噴出の原因
出典: フリー百科事典『ウィキペディア(Wikipedia)』 (2021/09/11 02:56 UTC 版)
「シドアルジョの泥火山」の記事における「噴出の原因」の解説
地下に過度の圧力がたまり何らかの振動がきっかけとなり噴出が始まったとされているが、きっかけとなった振動については科学者の中でも意見が分かれており、泥火山噴出の2日前に約260キロメートル離れたジョグジャカルタで発生したマグニチュード6.3の地震が原因だとする説、噴出口から150メートルの位置にあるバンジャル・パンジ (Banjar Panji) 天然ガス田が原因だとする説の2つがある。 2008年にケープタウンで米国石油地質家協会(英語版)の会議が開催され、双方の仮説の支持者がディベートを行った。ダラム大学のリチャード・デイヴィスは新たに公開された試掘井のデータからは噴出の原因となった圧力の上昇が読み取れると主張したが、ラピンド・ブランタス社の掘削アドバイザーであるロッキー・サウォロ (Rocky Sawolo) はそのデータの圧力は許容範囲内に収まっていると反論した。

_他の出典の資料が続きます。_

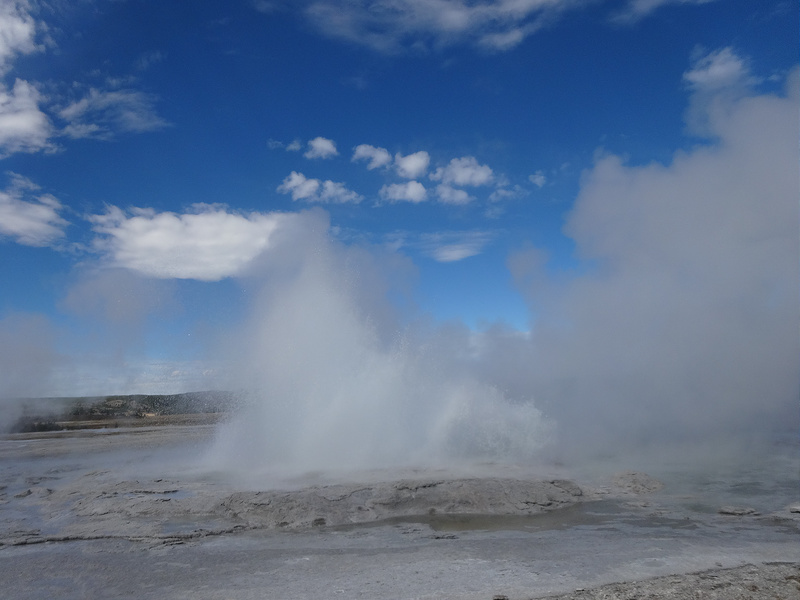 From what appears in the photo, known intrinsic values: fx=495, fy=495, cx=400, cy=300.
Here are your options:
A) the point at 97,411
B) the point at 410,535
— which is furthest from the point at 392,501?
the point at 97,411

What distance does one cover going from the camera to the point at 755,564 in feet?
20.7

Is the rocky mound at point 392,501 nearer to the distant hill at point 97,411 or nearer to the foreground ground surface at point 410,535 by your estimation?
the foreground ground surface at point 410,535

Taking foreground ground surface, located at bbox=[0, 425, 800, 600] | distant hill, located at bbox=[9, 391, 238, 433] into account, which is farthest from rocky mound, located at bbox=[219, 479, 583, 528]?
distant hill, located at bbox=[9, 391, 238, 433]

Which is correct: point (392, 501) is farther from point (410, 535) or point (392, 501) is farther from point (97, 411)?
point (97, 411)

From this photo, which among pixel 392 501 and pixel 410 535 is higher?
pixel 392 501

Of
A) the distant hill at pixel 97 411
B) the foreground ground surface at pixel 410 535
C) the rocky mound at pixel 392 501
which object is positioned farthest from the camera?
the distant hill at pixel 97 411

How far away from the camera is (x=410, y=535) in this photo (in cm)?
815

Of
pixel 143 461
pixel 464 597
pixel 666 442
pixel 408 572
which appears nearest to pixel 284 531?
pixel 408 572

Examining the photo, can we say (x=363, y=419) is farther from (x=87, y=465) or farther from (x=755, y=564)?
(x=755, y=564)

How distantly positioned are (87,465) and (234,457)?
5734 millimetres

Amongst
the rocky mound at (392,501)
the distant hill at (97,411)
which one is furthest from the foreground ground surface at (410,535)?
the distant hill at (97,411)

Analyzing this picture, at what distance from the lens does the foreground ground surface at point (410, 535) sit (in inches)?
238

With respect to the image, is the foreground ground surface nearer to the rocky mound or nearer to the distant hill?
the rocky mound

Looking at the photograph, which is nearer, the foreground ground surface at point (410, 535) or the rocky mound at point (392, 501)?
the foreground ground surface at point (410, 535) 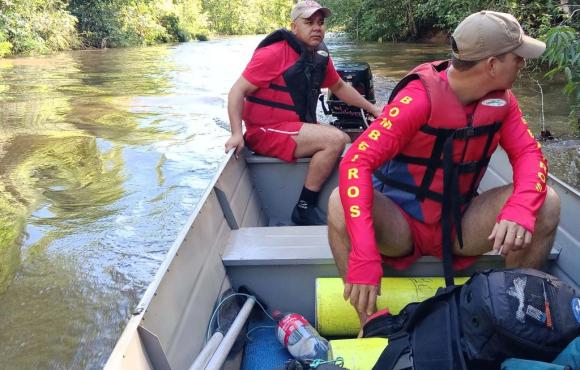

彼の同僚でオスロ大学のアドリアーノ・マッツィーニ (Adriano Mazzini) は地震が原因だと主張したが、カーティン大学のマーク・ティンゲイ (Mark Tingay) は地震のマグニチュードは6.3と小さすぎると反論した。投票の結果、議論を聞いた地質学者ら74人の内42人が掘削が原因だとする説を支持し、13人が地震と掘削の両方が原因だとし、16人は証拠不十分と判断、地震のみが原因だとしたのは3人だけだった。この投票結果に対し、議長を務めたエジンバラ大学のジョン・アンダーヒル (John Underhill) は「圧倒的大差」で掘削が最有力の原因として支持されたと述べた。 2007年の『GSAトゥデイ(英語版)』では、ガスの試削井が地下2800キロメートルの高圧の岩石を刺激したのが原因だという説が掲載された。2008年の『ナショナルジオグラフィック』の特集記事では、同じく掘削が原因だとするダラム大学のリチャード・デイヴィスの見解が報じられたが、彼は地震はあまり大規模ではなく震源も遠いと指摘し、自身の調査で掘削が原因だという有力な調査が得られたと述べた。2013年に『ネイチャー ジオサイエンス』に掲載された論文では、ボン大学のスティーブン・ミラー (Stephen Miller) らのコンピュータモデルを使用した研究によりジャワ島中部の地震が原因だと主張している。だが、リチャード・デイヴィスはこの論文に懐疑的であり、井戸の圧力は地震以前から高かったと指摘、圧力が高い状態で適切な措置をとらずに採掘用のドリルを引き抜いたことが原因だと主張した。また、2015年に『ネイチャー ジオサイエンス』に掲載された論文もミラーらの論文に異論を唱えており、掘削作業中に測定されていた天然ガスの濃度と組成を分析して、原因は地震ではなく天然ガスの掘削調査だと主張している。この論文の共同執筆者であるアデレード大学のマーク・ティンゲイによると、地震により地下深部の粘土が液状化して噴出した泥土の発生源となったのであれば大規模な天然ガスの噴出により泥流が上昇し地上に噴出するはずだが、分析結果はそのような天然ガスの噴出が発生していないと示していたという。2017年夏に『マリン・アンド・ペトロリアム・ジオロジー(英語版)』に掲載された論文では、ジョグジャカルタの地震が原因だと提唱している。